I live hard and fast. A junkie at heart, I’m always seeking the newest shiny object or exhilarating thrill. However, this hasn’t gotten me anywhere. I’m tens of thousands of dollars in debt and relatively unhealthy from years of self-abuse due to being such a junkie. Burning through interpersonal relationships is the norm. Running away when the going gets tough is also as typical for me. It just isn’t working. This implies that I have to slow down. I need tranquilized. I need to be more deliberate with my actions and learn to delay gratification – especially when it was never guaranteed to begin with.
I need to “forget” what it is like to be me. I can honor my lack of empathy with the kiss of logic, but I cannot honor the speed at which I have lived life these first thirty years of my life. The way that I’ve burned bridges and destroyed myself must be forgotten and replaced by a new dogma: faith in calculated motion. It’s painful to move at the speed of mortals. Yet, I must slow down. These past few weeks, I’ve been writhing in pain as I slow things down. A new relationship that moves slowly, a desire to run away that must remain in check, and a focus on responsibility are all new to me. In the past, I would be progressing matters faster than a junkie’s heart beats. “Slow down,” I tell myself. It is all that I can do.
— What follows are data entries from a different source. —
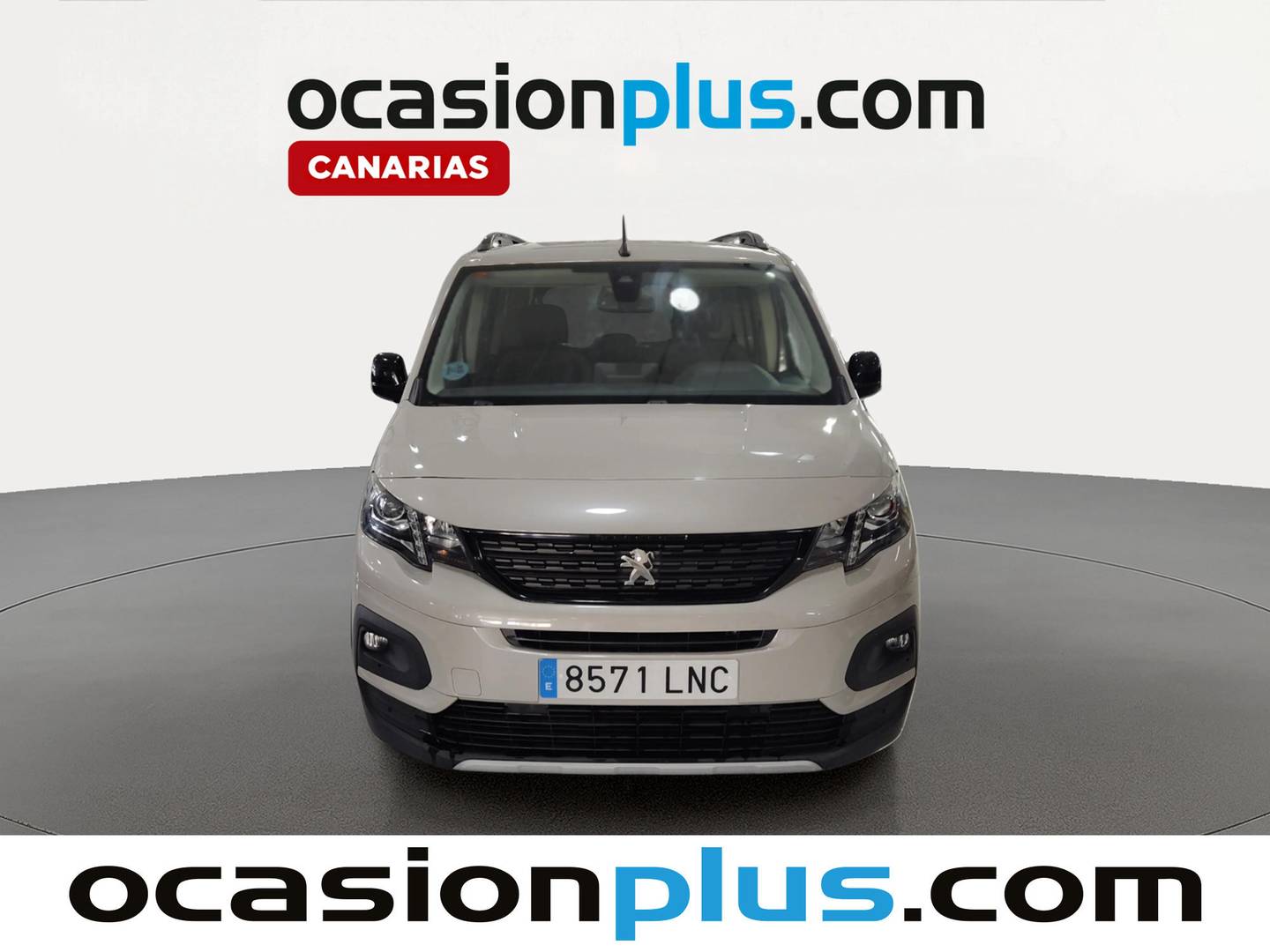 Peugeot Rifter Peugeot Rifter BlueHDi 100 GT Standard (100 CV) barato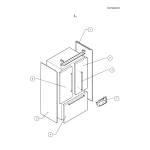 Whirlpool KRFD 9025 Manuel utilisateur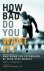 Matt Fitzgerald - How Bad Do You Want It?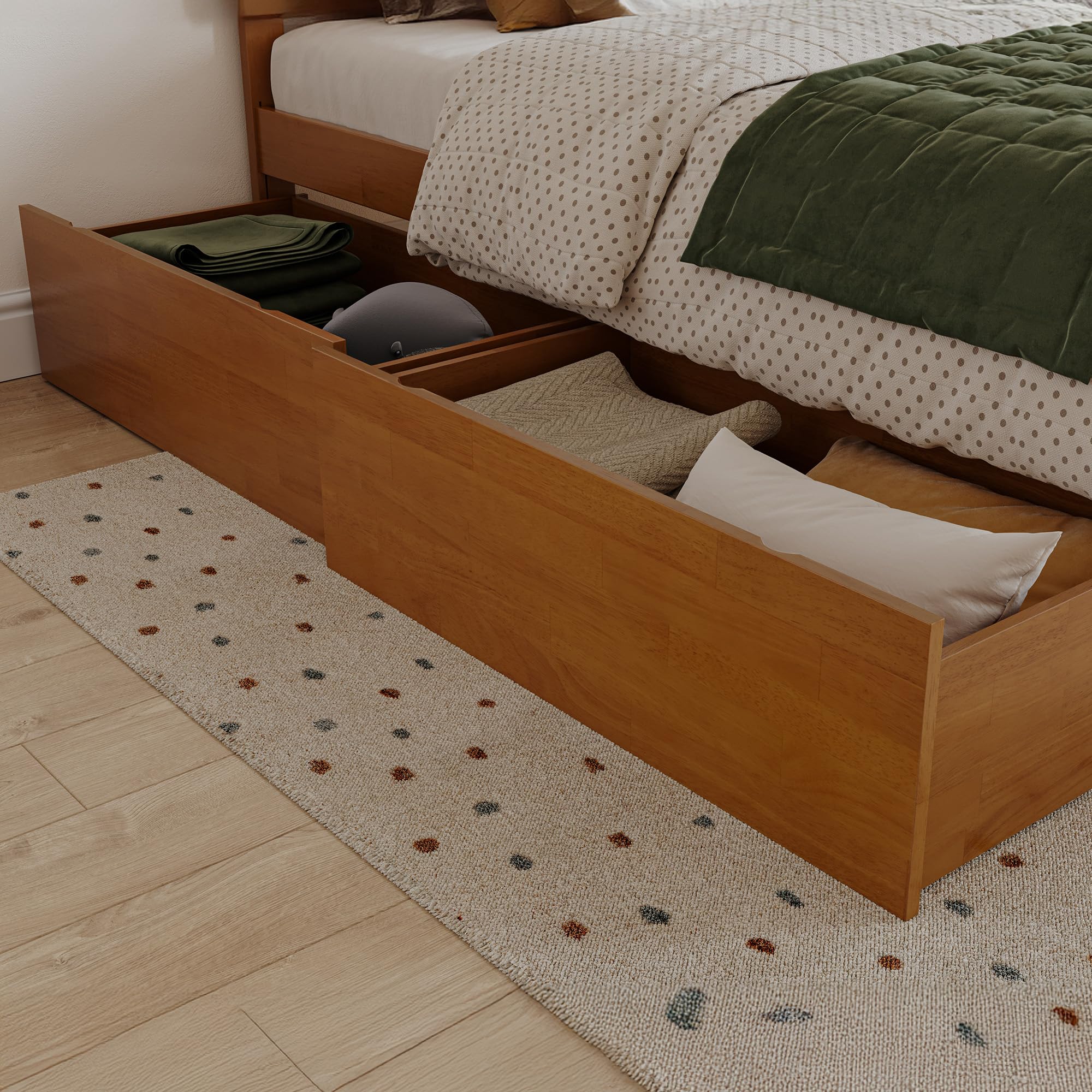 AFI Urban Bed Drawers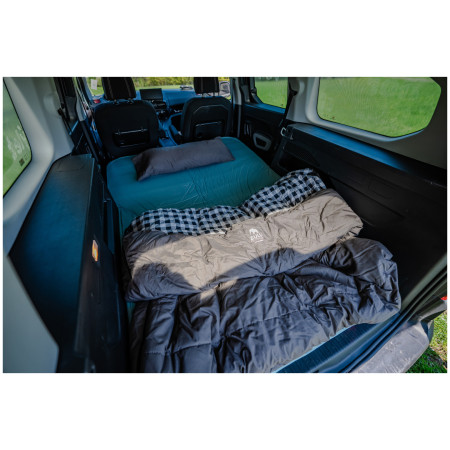 Спальний мішок-ковдра Zulu Campwell Double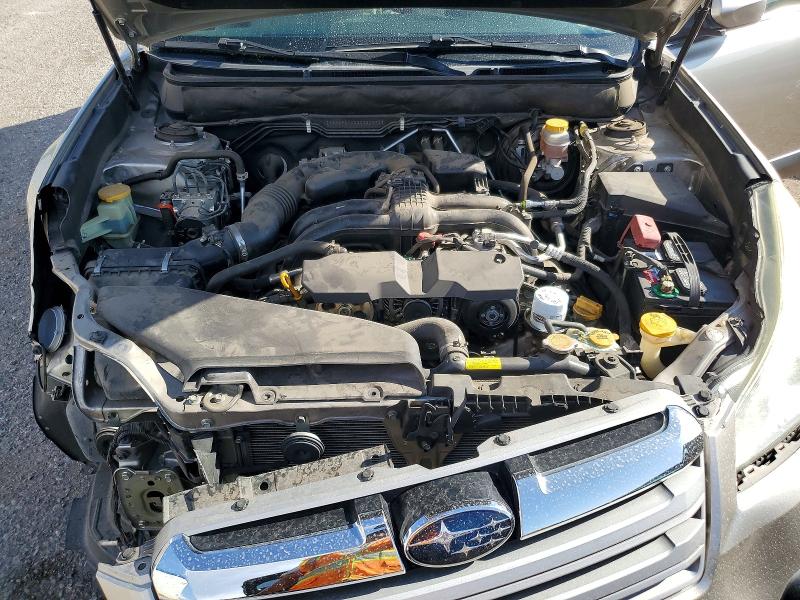 Zdjęcie 11 z aukcji – 2014 SUBARU OUTBACK z VIN 4S4BRBCCXE3320993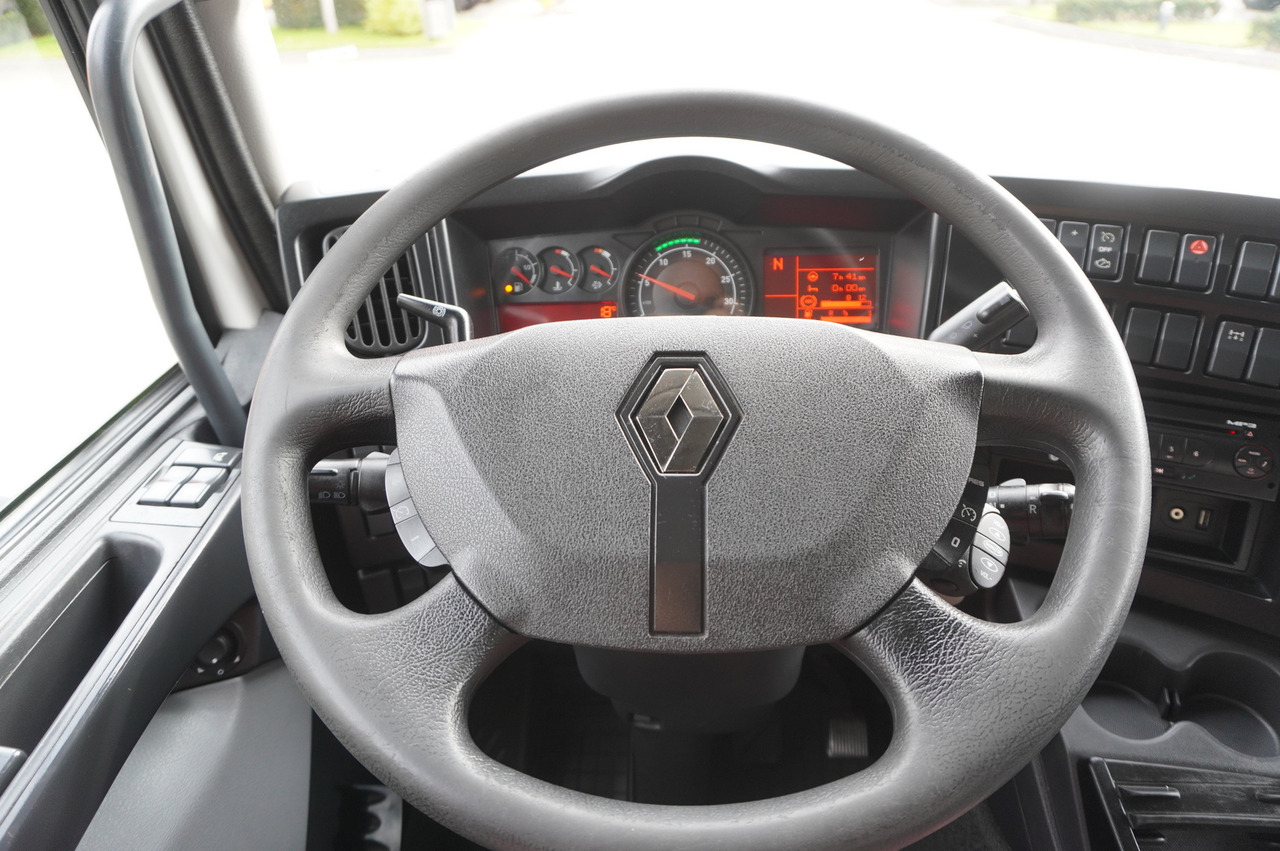 Tow truck RENAULT D16 / NEW Tow truck 7.7 m / 170 tho. km: picture 26 Tow truck RENAULT D16 / NEW Tow truck 7.7 m / 170 tho. km: picture 26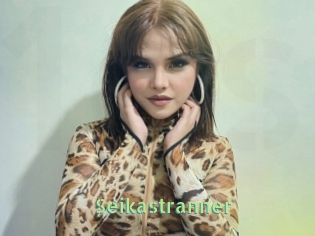 Seikastranner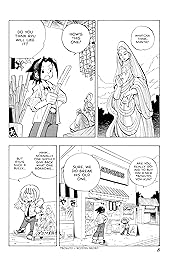 Shaman King (comiXology Originals) Vol. 3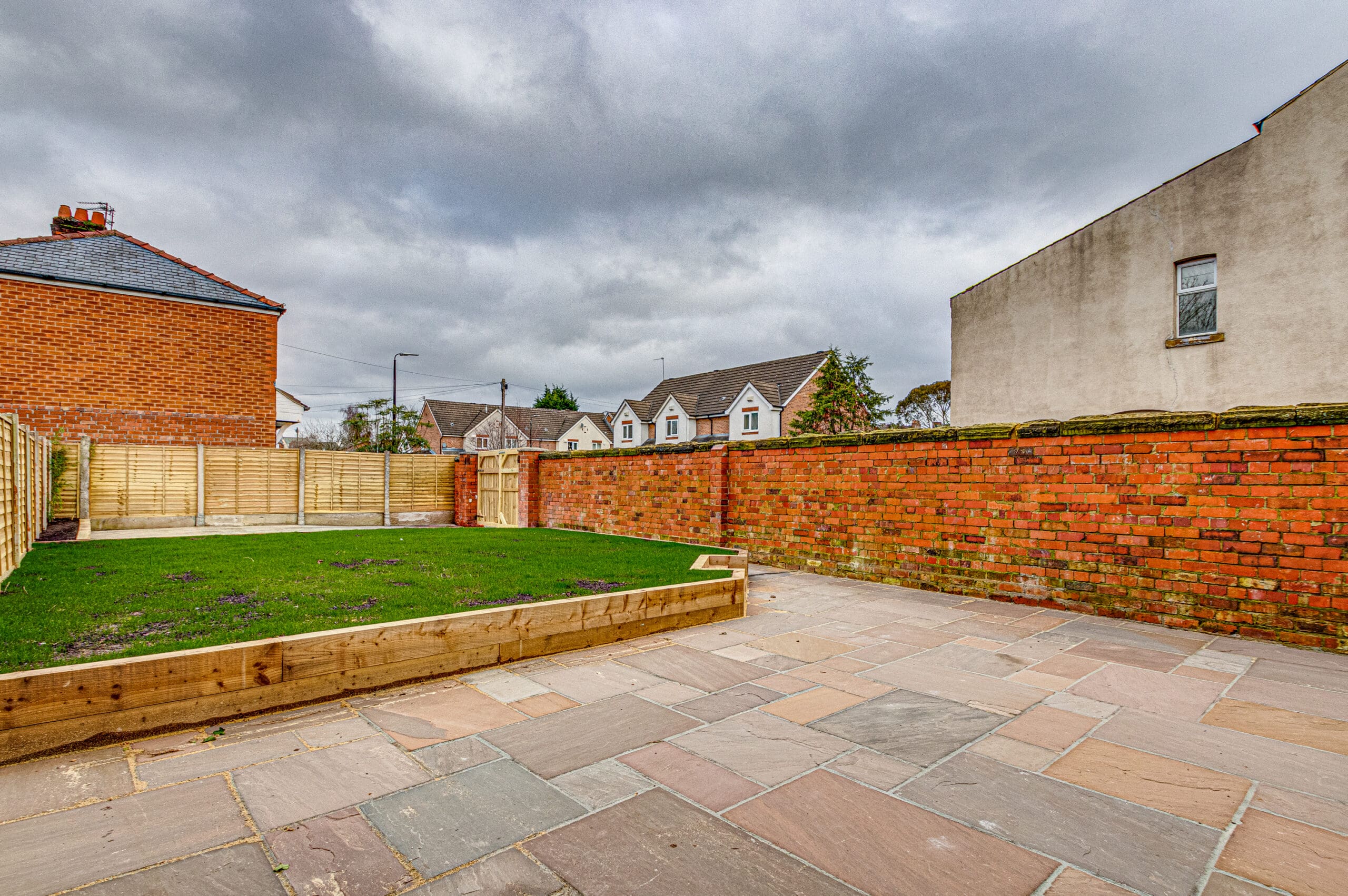 Church Road, Urmston - VitalSpace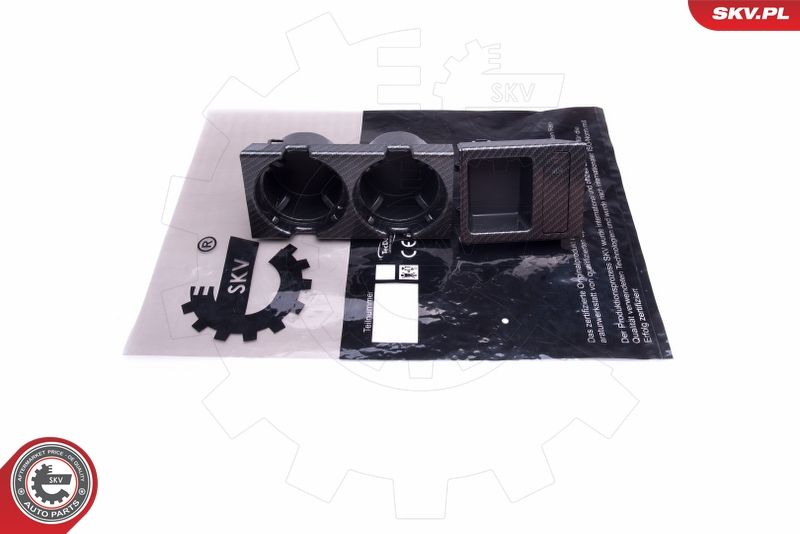 ESEN SKV 93SKV009 Cupholder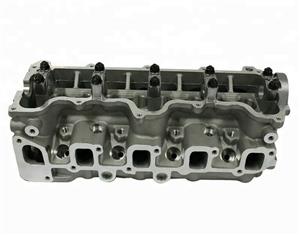 BRAND NEW OPEL 1.7 CYLINDER HEADS (4EE1)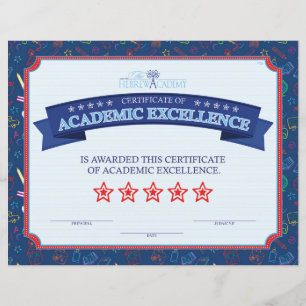 Academic Excellence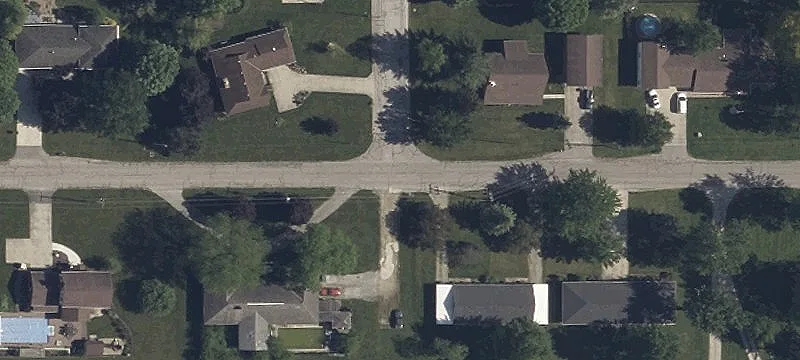 Carey Land Parcel For Sale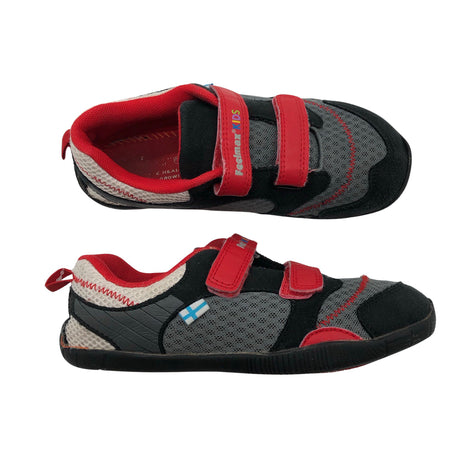 Unisex Feelmax - Lenkkarit, koko 34 - Harmaa ()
The idea of restraint does not require one to keep in check their internalized antisocial nature. That is, self-destruction is not required for restraint in a society that demands prosocial behavior. However, the heartbeat must slow. Tachycardia is unhealthy and so is the self-destructive ways of the psychopath. I feel like I’m slamming on the brakes from 100 miles per hour, but at least I anticipate avoiding running into the brick wall that lies in front of me.